I am, however, hopeful that my write-ups will help others fine tune their own projects. For instance, playwright Israel Horovitz may read my review of his film My Old Lady and comprehend it as a negative opinion, but someone else, let’s say, playwright Lindsay Price could read it and use my criticism to direct a film adaptation of her Tuna Fish Eulogy. Although, Price is a hard shell to crack. But, again, I can be hopeful.
Horovitz’s My Old Lady follows a trend that these plays-turned-fims tend to fall in to. Horovitz is the author of the original play this film is based on, and has copied-and-pasted it to the screen. I haven’t seen his character driver play, but the movie isn’t far from the usual three act, minimalist stage show you could catch in Stratford, Ontario.

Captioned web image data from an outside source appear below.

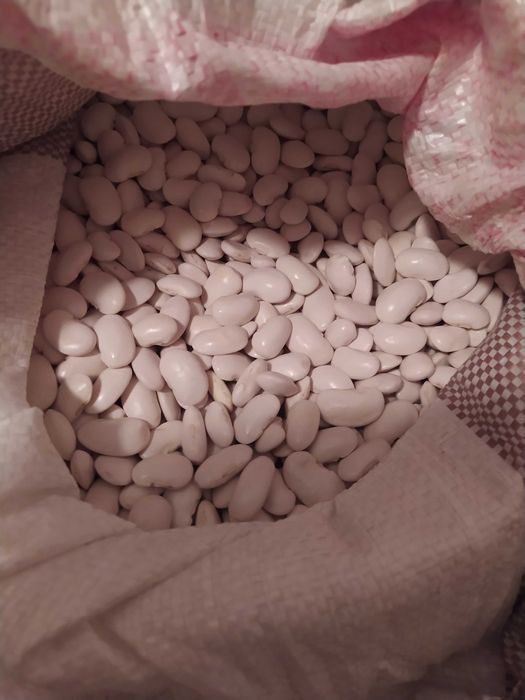 Fasola Jaś na sprzedaż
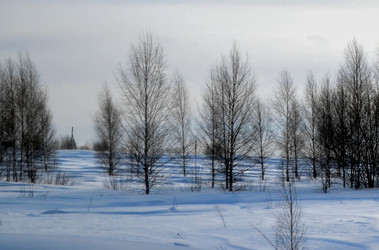 Similar image 22593093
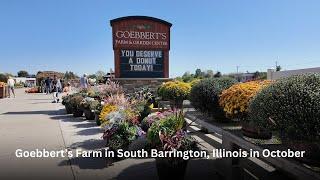 Travel: Goebbert's Farm has Fall Activities in Illinois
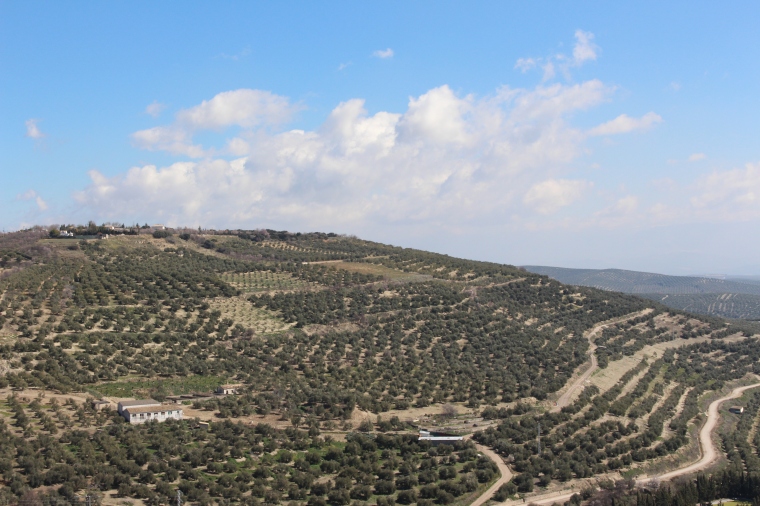 Ausblick von einem Mirador - wie in Jaén: nur Olivenbäume!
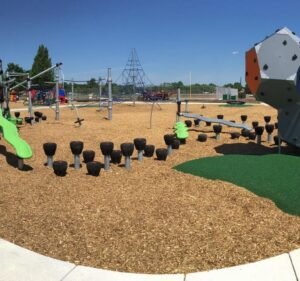 Soccer Field image 2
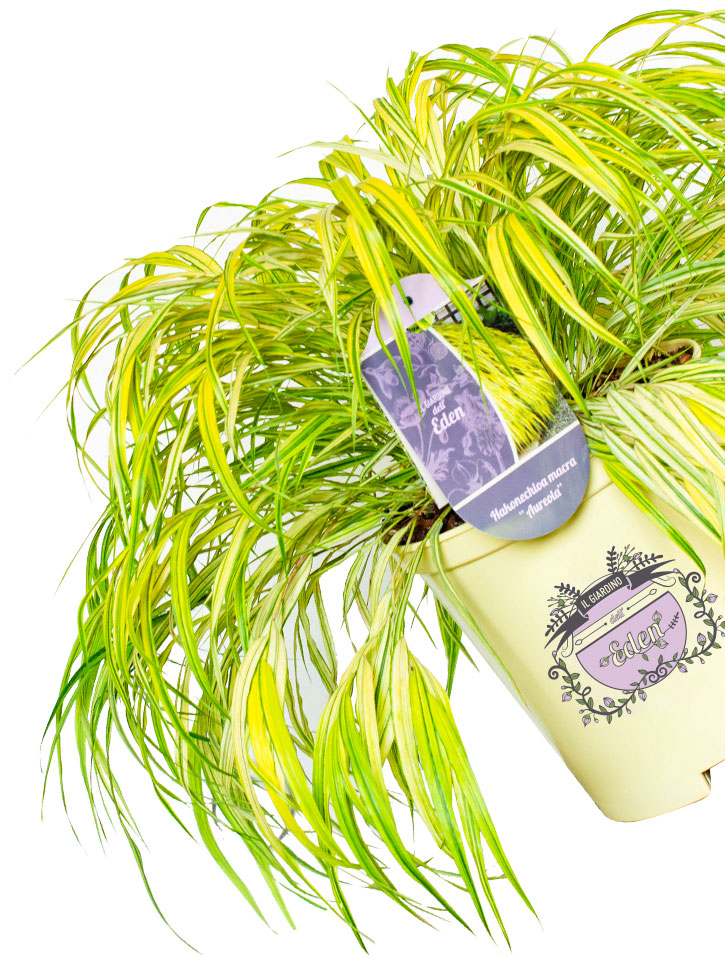 Piante il giardino dell'Eden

The play My Old Lady may improve on stage where the audience can maintain a connection with the hard workers performing for us, but Horovitz’s barebones staging of the drama is dull and has movie goers aching as we watch perfectly fine actors (Kevin Kline, Kristin Scott Thomas, Maggie Smith) try and make something out of the material.
I had the same dilemma with last year’s A Master Builder, a Jonathan Demme directed piece and written by Wallace Shawn adapting Henrik Ibsen’s play. Like My Old Lady, Demme had supurb performers but the final product was all wrong and boring to boot. Then again, Shawn made the task difficult by constructing a difficult screenplay.

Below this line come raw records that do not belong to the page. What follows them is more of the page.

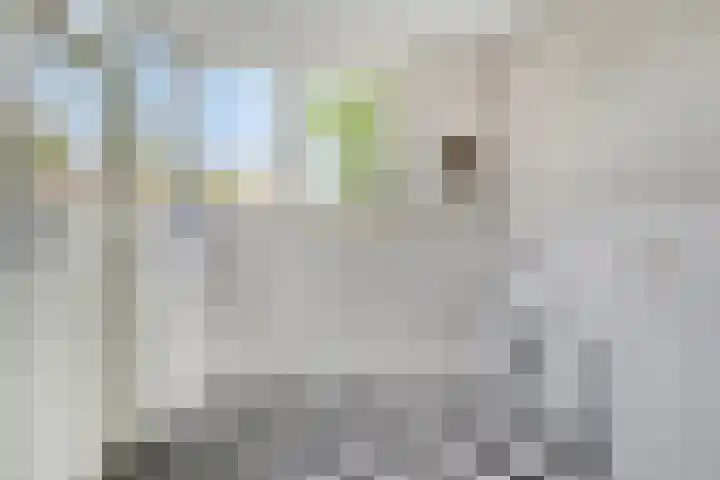 Noordervesting 4 Edam thumbnail 14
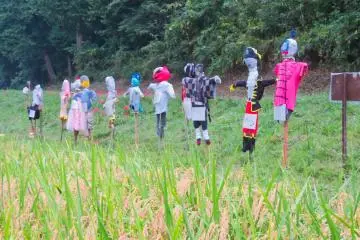 Oct 4th; Scarecrows protecting rice paddies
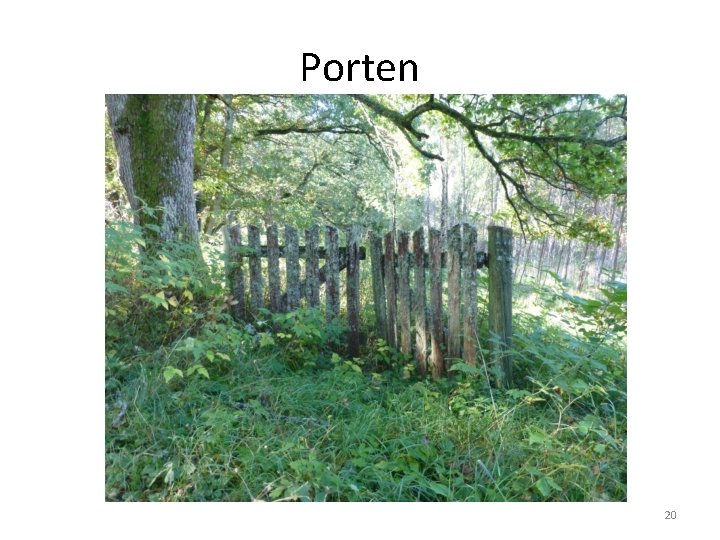 Porten 20 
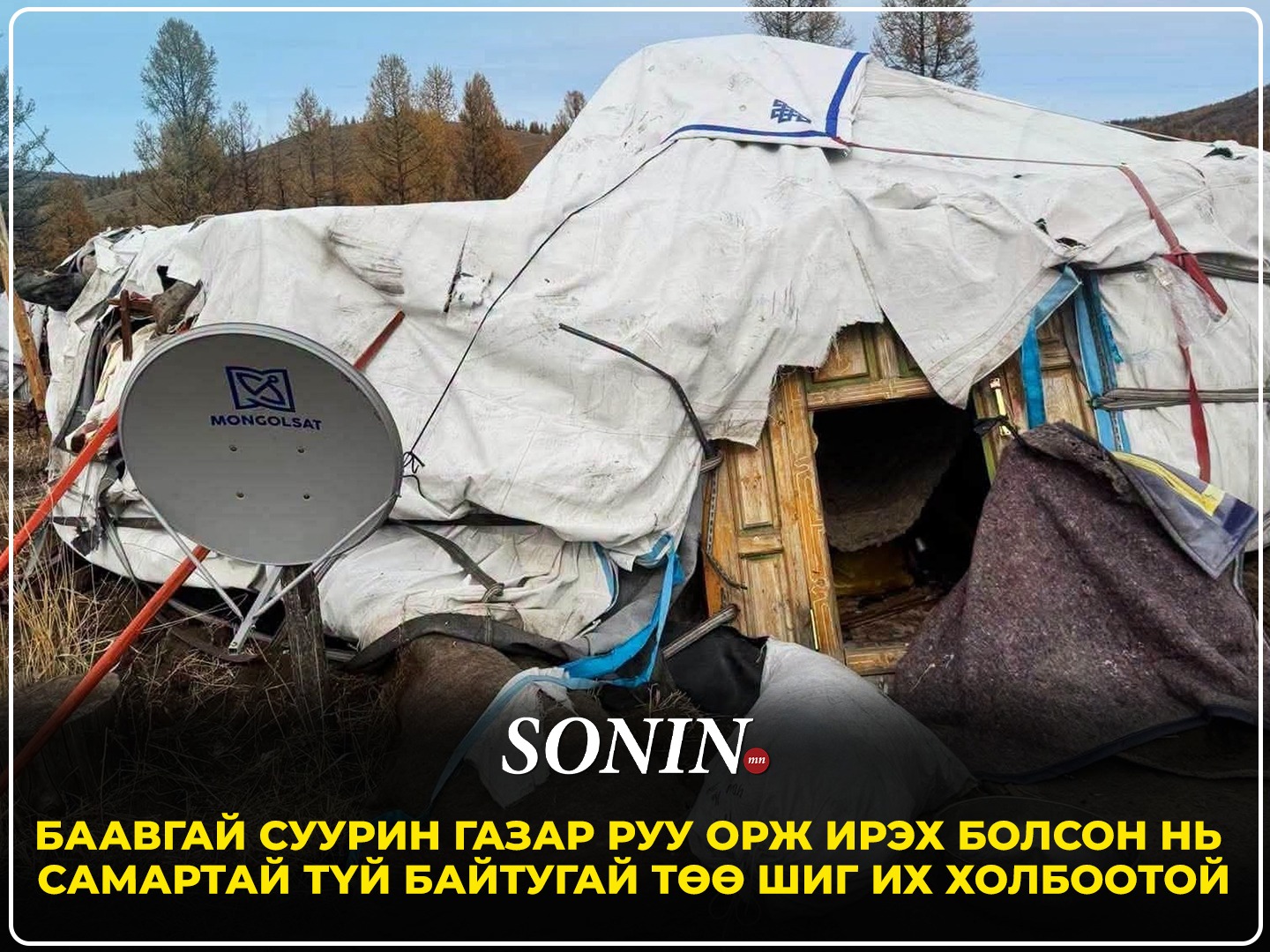 Баавгай суурин газар руу орж ирэх болсон нь самартай түй байтугай төө шиг их холбоотой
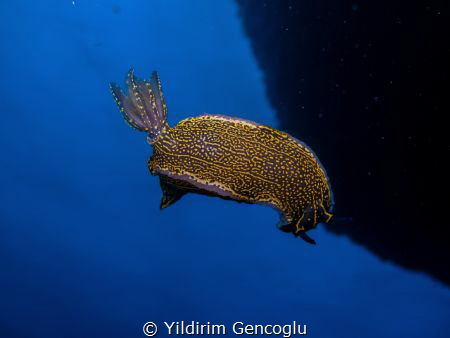 Oleeey. by Yildirim Gencoglu 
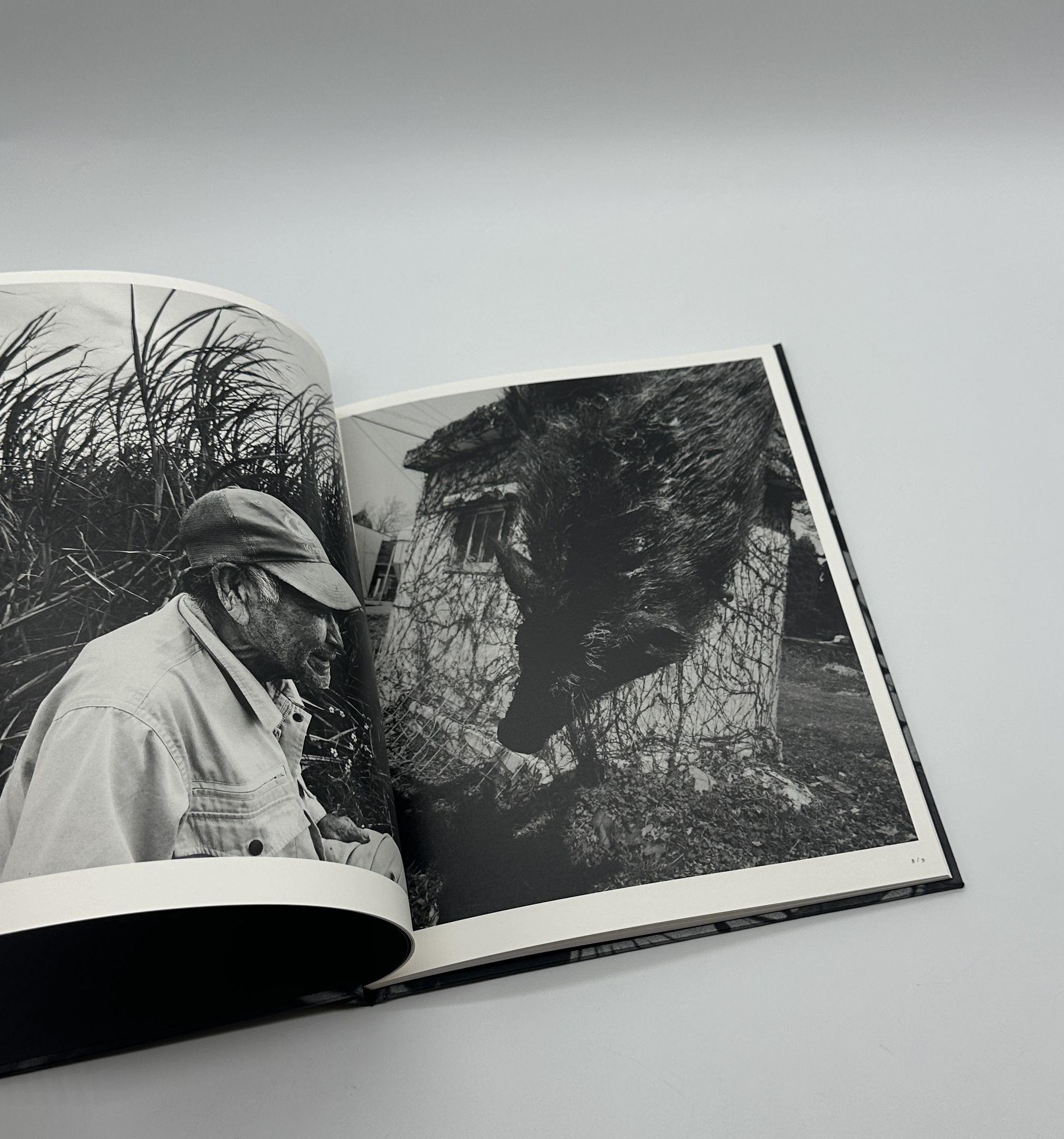 「署名入」巡る犬 - 画像 (3)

With My Old Lady, Israel Horovitz is working with himself. Even though the film has a slew of producers, no one has told him that the film’s layout is dull. A moviegoing audience doesn’t need non-stop thrills to hold our attention, but we do need upbeat or inspired filmmaking. Horovitz may have had this thought itching his brain, but this lifeless movie leads me to think that the writer/director didn’t want to compromise his original vision. In order for this to work, however, he needed to take on this adaptation with an open mind. If he had, we may have gotten a palpable movie to digest and think about afterwards.
The skilled cast is trying their best, and Klein’s irked performance only makes us wonder what this adaptation would’ve been like under the direction of, let’s say, Dogville’s Lars von Trier or The Perks of Being a Wallflower’s Stephen Chbosky. Again, I may be dead wrong, but this could be the million dollar answer.